Wednesday, September 21, 2016
Self-Driving Cars Are Subject to Federal Regulation
The car industry is about to change in a radical way. If you follow the industry at all, you have no doubt been bombarded with articles about the swift progress of companies building autonomous cars. Every major car company will have partially autonomous cars in the next 5 years, with plans to become completely autonomous soon thereafter. And in these uncharted waters, the federal government has stepped in to provide some regulation. Tech companies and automobile manufacturers will have to address a 15-point "safety assessment" — including details on how a car’s software will address ethical and conflict situations on the road — to determine whether or not their driverless vehicles are safe for public use. And that's just one aspect of the new rulebook for self-driving cars. Last January, US Transportation Secretary Anthony Foxx promised to release a set of guidelines designed to bring some order to the flurry of activity surrounding automated vehicles.

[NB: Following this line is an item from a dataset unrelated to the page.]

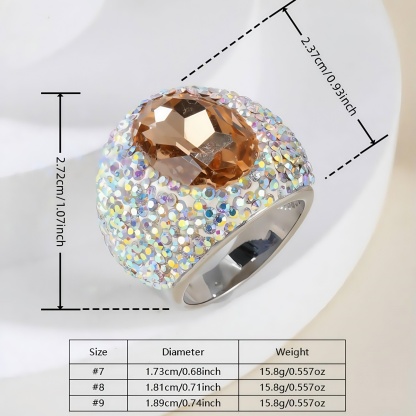Shiny Rhinestone Inlaid Luxury Personalized Stainless Steel Women's Ring | BL224-JinBaoJewerly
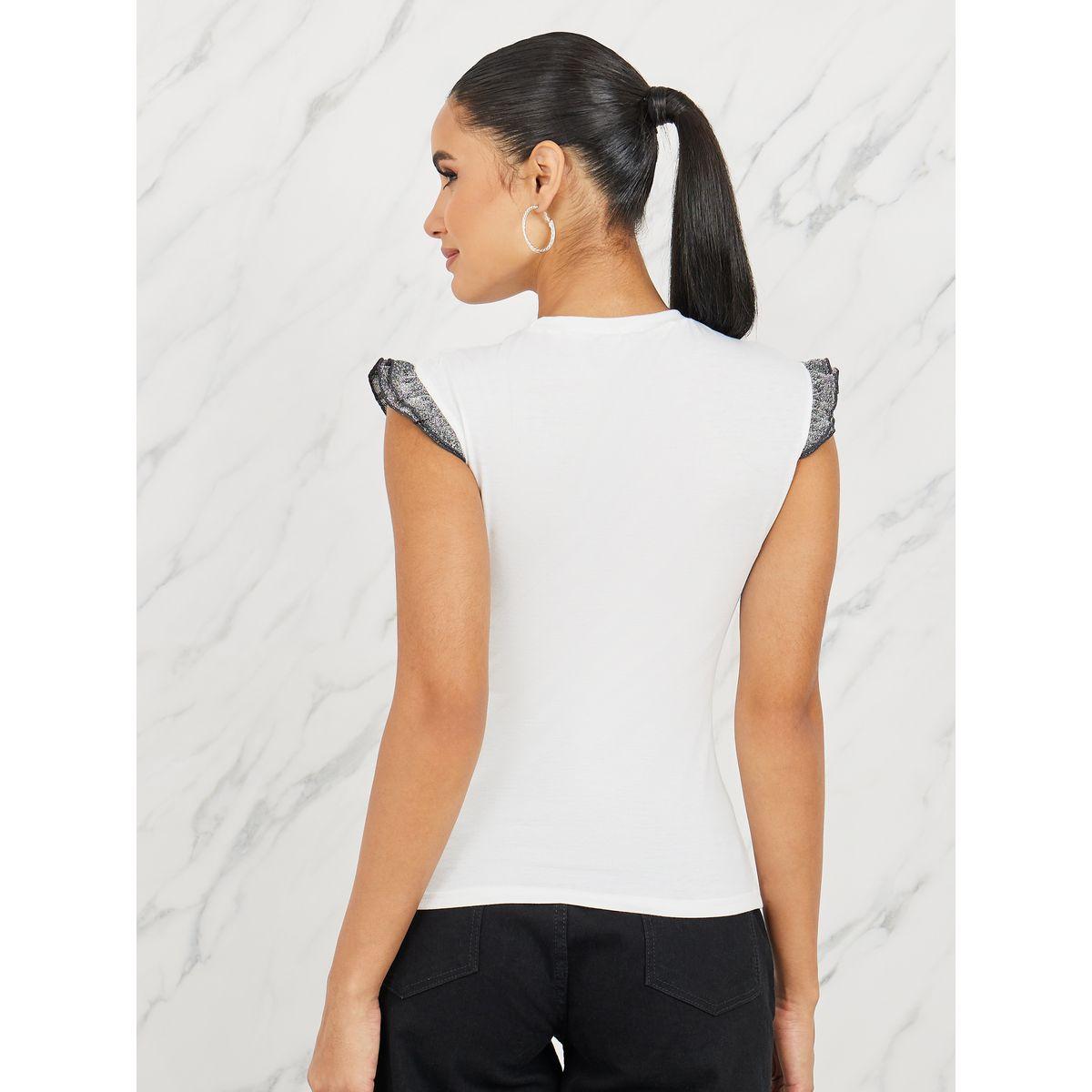 Styli Contrast Ruffle Detail Fitted T-Shirt-women-clothing-tshirts-image-5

These new rules confirm what we all are suspecting that self-driving cars are about to change the commuting landscape in a huge way. "We’re envisioning a future where you can take your hands off the wheel and the wheel out of the car, and where your commute becomes productive and restful, rather than frustrating and exhausting," said Jeff Zients, director of the White House’s National Economic Council, in a call with reporters Monday evening.
Of course, the question is whether or not the car companies would willingly share their tech information. But a spokesperson for the National Highway Traffic Safety Administration said the guidelines will likely be made mandatory through regulations.The government is seeking basic details on how these cars function, as well as how they record data, what happens when they crash, how they protect themselves against malicious hacking, and most intriguingly, "how vehicles are programmed to address conflict dilemmas on the road." They plan on publishing the responses they receive in an annual report.
The Department of Transportation and the National Highway Traffic Safety Administration have included a set of model regulations for states to adopt. This is to avoid a "patchwork" of regulations where some states allow for the deployment of self-driving cars, while others do not. This policy governs how to inspect and license self-driving cars, as well as law enforcement and insurance considerations, etc.
This is uncharted territory and the government certainly has their work cut out for them. No word yet on how much pushback they will receive from manufacturers.